STILL GROWING. Oxford's systems problems aren't fixed yet. Advances to hospitals haven't been fully paid down, indicating that claims payments aren't caught up; physicians report they are being paid interest on overdue accounts. More troubling, claims processing still is done on the old csc system, although actual claims data reside on the new.

Oxford still is thriving in many ways. While rivals privately have pounced on what one called "the fair-haired boys of the industry," its membership is growing at an annual rate of 35%. It leads the robust New York market and dominates among high-end customers like law firms and investment banks. If the kinks ever get worked out, analysts believe its information systems will prove very strong.
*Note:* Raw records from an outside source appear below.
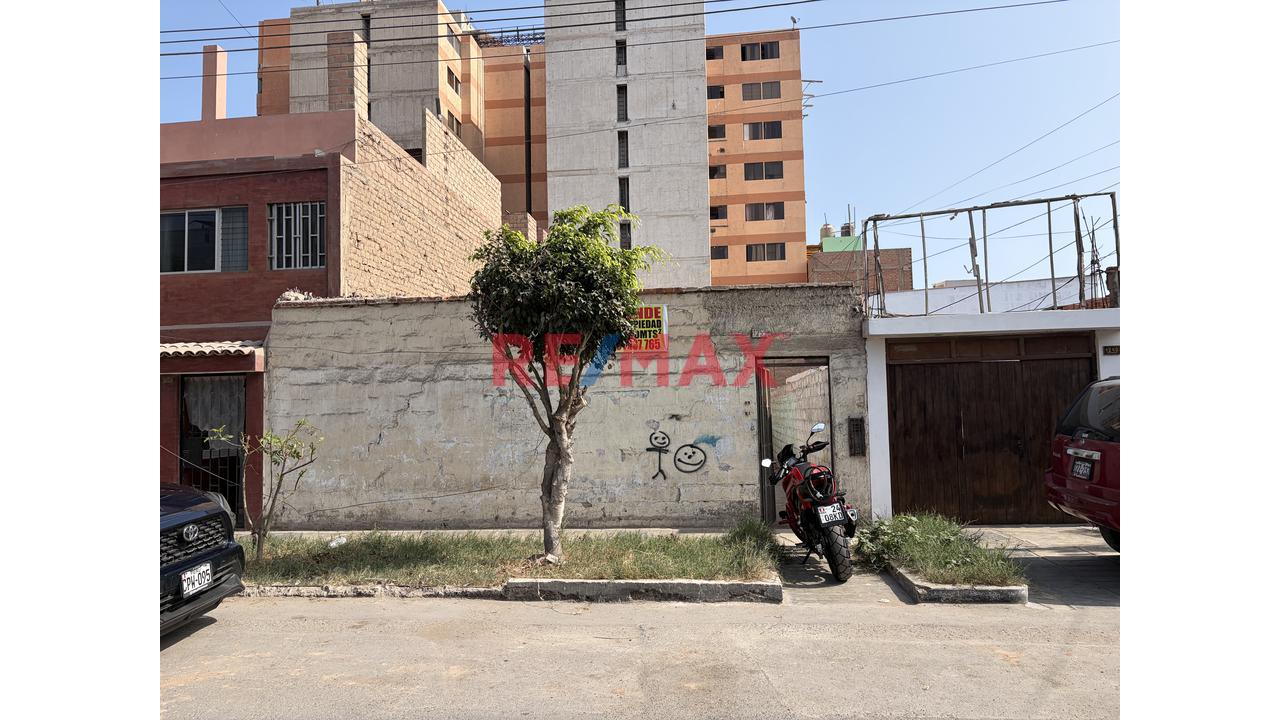 Terreno 260 M2 En La Perla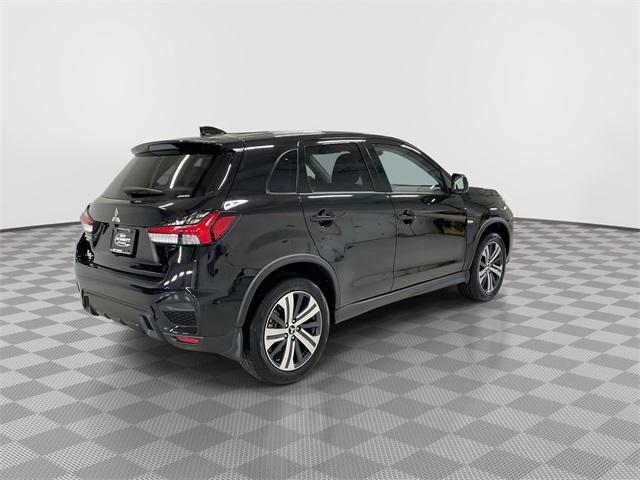 new 2025 Mitsubishi Outlander Sport car, priced at $26,755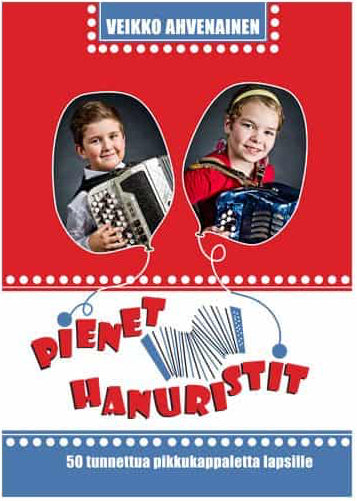 Pienet hanuristit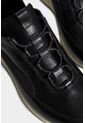 Tenis Neo 2 De Cuero Para Hombre Con Perforaciones Láser Tenis Neo 2 De Cuero Para Hombre Con Perforaciones Láser Negro 44 VÉLEZ de Vélez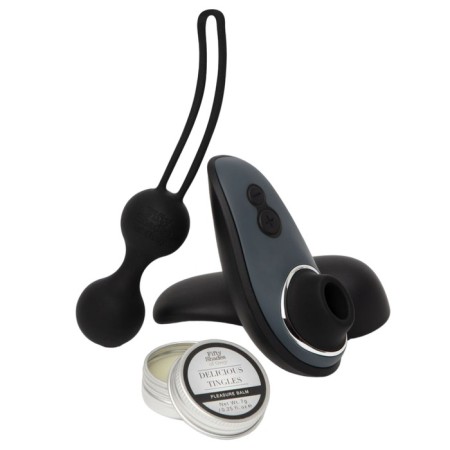 Desire Blooms (Womanizer Liberty, Kegel Balls, Delicious Thingles, 7 G.)-8
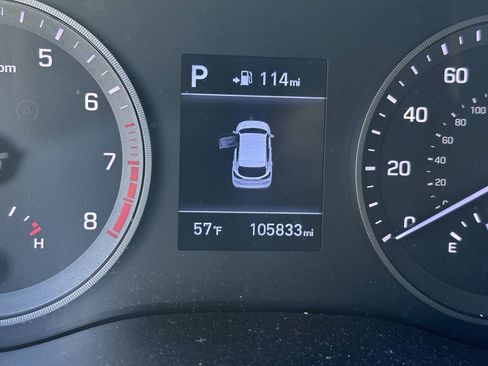 Used 2019 Hyundai Tucson SE AWD/4WD image 7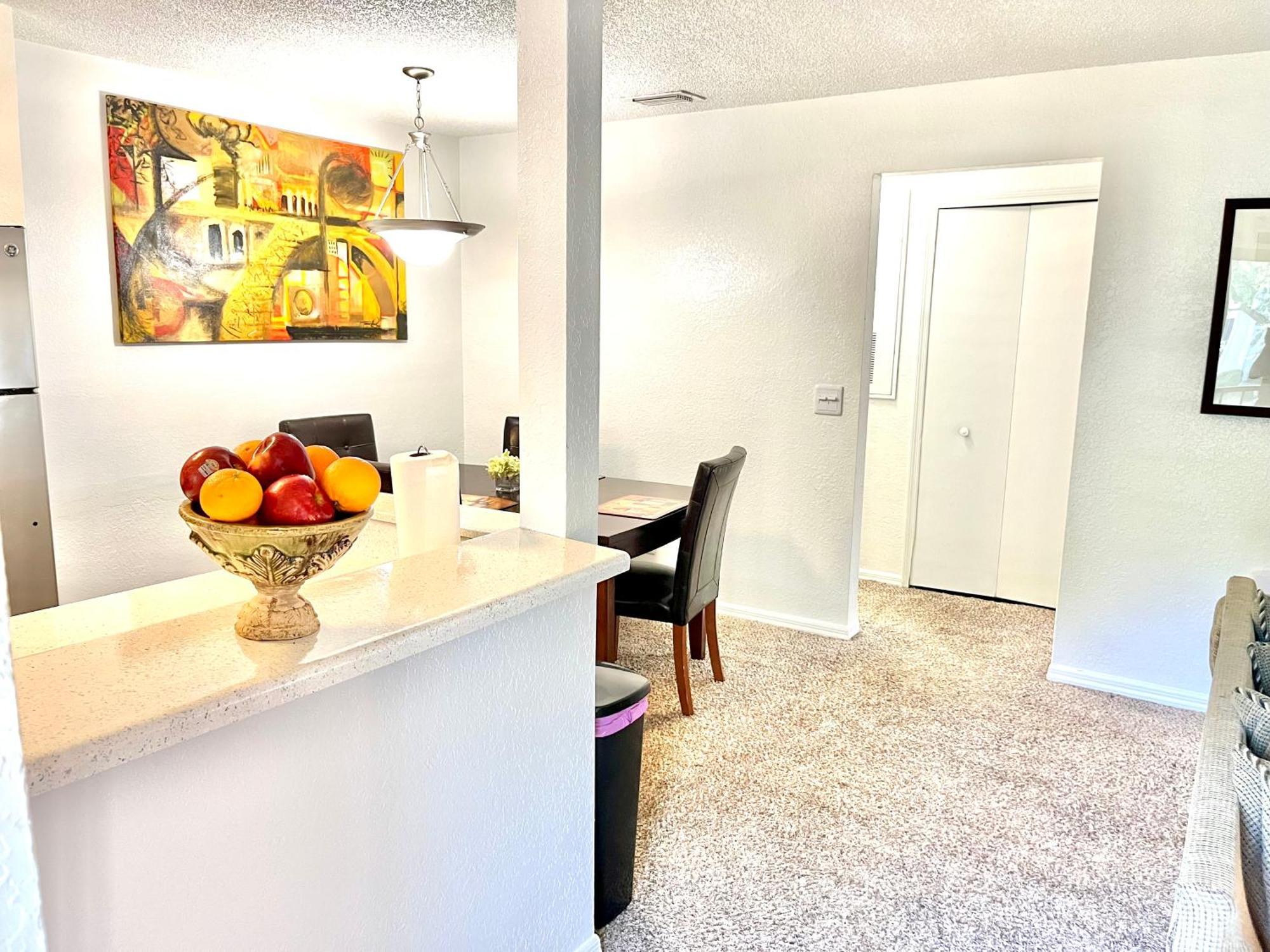 Daytona 2 Bed Apartment 10 Minutes To Beach With Balcony Port Orange Exterior foto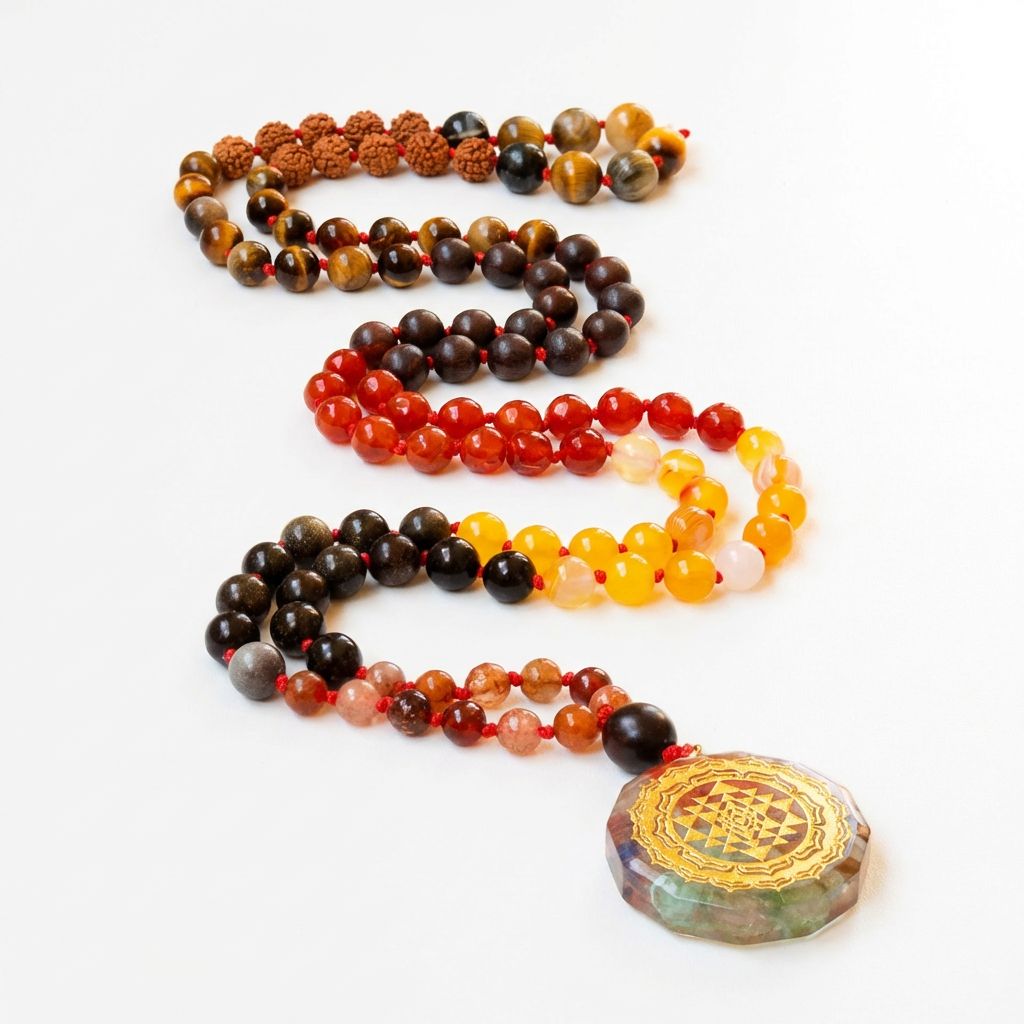 Shri Yantra Mala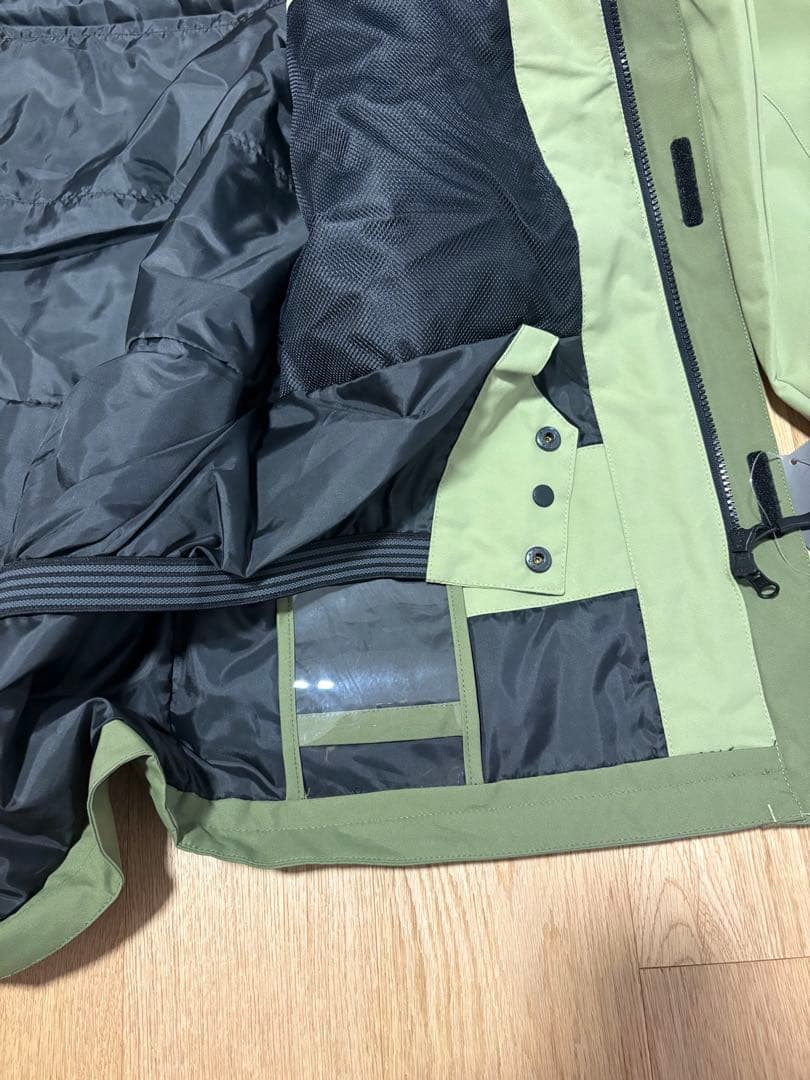 上下セット　スノーボードウェア XXL スキーウェア　スノボ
But Wiggins was right that morning in Brooklyn: The managed-care business is getting tougher. As growth slows from the 100% days of old, Oxford has less padding in the form of up-front premiums to cover thin margins. And it won't easily reestablish credibility with investors who feel badly burned--or with physicians who jokingly refer to "Oxfraud." More than that, Oxford's debacle underscores the new reality in managed care. With new members harder to find and the easy medical cost cuts already made, profits are harder to come by. Top-flight information systems or not, Oxford and its rivals are fighting the specter of commoditization. There are no stars anymore.